Jim Jarmusch
1) Jarmusch is a minimalist filmmaker who began working in the early 1980s
out of New York City.
2) He received widespread attention for his 1984 film Stranger Than Paradise,
which was made on a budget of somewhere between $100,000 and $125,000.
3)The film consists of a series of B&W single long takes and observes
the seemingly boring stretches of life that we may not see immediate value in.
4) Jarmusch investigates the moments between human beings and concentrates
on the subtleties of language, tone, and gesture.
5) Very little seems to take place in most of his films, but that is the point of his aesthetic style.
6) He avoids extensive editing in scenes to dramatize events.
7) He lets scenes play out in real time and offers a different approach
to storytelling than Lucas and Spielberg.

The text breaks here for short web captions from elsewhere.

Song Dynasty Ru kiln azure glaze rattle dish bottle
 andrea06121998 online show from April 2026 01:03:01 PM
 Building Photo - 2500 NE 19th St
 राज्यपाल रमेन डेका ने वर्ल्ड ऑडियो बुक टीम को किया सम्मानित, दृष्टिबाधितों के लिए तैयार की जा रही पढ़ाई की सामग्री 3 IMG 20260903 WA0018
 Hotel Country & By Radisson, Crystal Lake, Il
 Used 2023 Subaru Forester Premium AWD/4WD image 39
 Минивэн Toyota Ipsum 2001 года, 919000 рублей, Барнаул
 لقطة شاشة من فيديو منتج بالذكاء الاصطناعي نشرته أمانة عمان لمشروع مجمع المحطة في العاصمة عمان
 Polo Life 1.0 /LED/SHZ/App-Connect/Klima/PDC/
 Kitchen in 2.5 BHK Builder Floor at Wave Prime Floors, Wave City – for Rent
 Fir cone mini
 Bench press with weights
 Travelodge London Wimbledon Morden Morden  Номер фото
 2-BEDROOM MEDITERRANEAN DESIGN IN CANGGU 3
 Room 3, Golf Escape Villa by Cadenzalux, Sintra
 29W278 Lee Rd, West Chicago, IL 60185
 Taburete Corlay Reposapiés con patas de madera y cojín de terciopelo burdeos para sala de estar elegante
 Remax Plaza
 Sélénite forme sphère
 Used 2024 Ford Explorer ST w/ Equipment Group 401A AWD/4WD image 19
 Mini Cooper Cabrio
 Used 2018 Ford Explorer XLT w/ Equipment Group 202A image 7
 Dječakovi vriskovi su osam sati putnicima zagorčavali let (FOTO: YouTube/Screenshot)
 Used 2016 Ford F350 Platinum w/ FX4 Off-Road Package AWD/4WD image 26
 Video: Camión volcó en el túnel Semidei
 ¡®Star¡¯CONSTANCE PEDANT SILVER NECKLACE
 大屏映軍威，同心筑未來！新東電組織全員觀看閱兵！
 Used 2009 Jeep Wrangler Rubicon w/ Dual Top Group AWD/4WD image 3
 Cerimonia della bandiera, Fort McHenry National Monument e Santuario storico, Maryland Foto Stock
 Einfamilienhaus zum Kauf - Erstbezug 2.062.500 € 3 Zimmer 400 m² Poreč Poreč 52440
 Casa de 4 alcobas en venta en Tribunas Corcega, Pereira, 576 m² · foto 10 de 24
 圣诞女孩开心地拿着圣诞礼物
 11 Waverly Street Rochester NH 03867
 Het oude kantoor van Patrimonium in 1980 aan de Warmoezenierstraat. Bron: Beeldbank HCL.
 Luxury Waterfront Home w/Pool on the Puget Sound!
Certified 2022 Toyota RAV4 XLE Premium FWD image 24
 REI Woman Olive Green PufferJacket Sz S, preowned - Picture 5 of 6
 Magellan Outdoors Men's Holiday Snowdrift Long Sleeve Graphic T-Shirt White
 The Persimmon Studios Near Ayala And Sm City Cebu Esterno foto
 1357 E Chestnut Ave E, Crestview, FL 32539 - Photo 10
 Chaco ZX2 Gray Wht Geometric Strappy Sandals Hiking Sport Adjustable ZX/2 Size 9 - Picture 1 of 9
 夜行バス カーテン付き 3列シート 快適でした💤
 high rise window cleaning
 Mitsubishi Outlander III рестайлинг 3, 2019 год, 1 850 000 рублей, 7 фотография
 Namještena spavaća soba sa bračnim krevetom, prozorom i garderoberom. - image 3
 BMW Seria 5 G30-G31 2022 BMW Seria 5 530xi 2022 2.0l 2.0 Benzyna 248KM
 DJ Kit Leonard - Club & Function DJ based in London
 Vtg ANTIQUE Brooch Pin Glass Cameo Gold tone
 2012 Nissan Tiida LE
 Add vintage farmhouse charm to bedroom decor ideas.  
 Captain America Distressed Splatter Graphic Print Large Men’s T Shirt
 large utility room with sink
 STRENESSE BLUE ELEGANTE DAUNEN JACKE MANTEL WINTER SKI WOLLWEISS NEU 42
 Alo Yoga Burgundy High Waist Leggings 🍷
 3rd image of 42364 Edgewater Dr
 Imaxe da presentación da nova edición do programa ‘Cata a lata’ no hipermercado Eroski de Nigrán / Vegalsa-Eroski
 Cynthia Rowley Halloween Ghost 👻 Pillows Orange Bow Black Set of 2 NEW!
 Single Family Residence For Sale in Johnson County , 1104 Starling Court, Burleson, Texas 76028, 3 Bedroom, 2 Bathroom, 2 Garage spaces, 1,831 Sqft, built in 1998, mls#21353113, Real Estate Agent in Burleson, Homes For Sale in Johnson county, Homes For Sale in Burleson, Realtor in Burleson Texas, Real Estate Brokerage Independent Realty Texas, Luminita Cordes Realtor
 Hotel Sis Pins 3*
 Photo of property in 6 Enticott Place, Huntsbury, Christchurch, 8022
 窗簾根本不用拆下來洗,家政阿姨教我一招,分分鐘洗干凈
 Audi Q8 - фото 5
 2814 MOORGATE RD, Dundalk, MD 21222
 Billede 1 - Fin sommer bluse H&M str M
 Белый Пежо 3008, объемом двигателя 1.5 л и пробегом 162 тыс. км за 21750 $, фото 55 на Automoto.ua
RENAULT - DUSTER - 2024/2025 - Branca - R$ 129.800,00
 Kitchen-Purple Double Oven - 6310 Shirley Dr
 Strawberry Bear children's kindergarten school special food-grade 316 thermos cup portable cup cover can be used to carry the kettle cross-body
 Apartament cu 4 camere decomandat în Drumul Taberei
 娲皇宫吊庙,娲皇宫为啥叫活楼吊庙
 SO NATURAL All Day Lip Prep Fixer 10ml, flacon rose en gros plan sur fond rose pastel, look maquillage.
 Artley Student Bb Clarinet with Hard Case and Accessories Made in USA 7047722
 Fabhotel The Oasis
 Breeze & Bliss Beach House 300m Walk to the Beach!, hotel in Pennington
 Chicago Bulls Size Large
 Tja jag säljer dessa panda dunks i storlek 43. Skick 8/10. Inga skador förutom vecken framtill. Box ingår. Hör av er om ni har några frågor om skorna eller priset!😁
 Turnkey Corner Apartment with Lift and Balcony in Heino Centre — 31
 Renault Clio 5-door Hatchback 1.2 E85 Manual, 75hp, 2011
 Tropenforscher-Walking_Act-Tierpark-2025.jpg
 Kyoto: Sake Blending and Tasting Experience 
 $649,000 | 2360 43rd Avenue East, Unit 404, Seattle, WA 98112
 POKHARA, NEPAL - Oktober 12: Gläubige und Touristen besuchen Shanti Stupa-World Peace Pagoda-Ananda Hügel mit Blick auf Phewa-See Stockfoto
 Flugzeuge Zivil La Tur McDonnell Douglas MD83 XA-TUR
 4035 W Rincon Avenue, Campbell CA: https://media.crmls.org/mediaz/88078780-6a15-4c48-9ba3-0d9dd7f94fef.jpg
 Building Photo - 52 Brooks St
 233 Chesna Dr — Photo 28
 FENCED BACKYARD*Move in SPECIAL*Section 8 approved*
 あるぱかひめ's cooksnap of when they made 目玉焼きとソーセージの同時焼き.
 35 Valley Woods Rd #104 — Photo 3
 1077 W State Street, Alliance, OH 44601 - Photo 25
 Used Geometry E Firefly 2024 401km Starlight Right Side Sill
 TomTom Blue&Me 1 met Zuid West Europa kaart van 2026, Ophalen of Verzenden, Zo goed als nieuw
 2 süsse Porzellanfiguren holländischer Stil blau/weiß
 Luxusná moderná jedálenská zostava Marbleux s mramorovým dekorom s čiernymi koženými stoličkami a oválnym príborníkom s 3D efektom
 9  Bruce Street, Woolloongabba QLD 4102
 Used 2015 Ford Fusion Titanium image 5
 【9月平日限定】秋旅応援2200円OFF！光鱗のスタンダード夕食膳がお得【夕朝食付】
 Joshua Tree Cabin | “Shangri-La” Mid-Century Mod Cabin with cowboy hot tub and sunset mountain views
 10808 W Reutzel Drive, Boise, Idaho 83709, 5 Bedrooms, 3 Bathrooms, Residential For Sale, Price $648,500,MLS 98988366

8)Lastly, popular music is a very important component of Jarmusch’s work.
9)He has worked with several musicians in his films including Joe Strummer, John Lurie, Tom
Waits, and Neil Young.
Critic Geoff Andrew recounts the stylistic history of Stranger Than Paradise:
"At the time of its release, in 1984, what seemed remarkable about the film was that it managed to do so many new and unusual things yet still seem utterly coherent and accessible. For starters, there was its eccentric approach to narrative structure: the sixty-seven single-shot “scenes” separated by black film, and the explicit division of the story into three clear, ironically titled chapters. But there were other formal qualities of note: Tom DiCillo’s black-and-white camera work, which serves Jarmusch’s sensitive feel for the American landscape so well that one recalls Antonioni’s work in Italy or Angelopoulos’s in Greece; and the striking use of music, which successfully juxtaposes Screamin’ Jay Hawkins’s “I Put a Spell on You” with the Bartók-like strains of John Lurie’s score for string quartet. This was a road movie for sure, but one with a difference: unlike most examples of that then still extremely popular genre, Stranger Than Paradise seemed at once wholly American and oddly European.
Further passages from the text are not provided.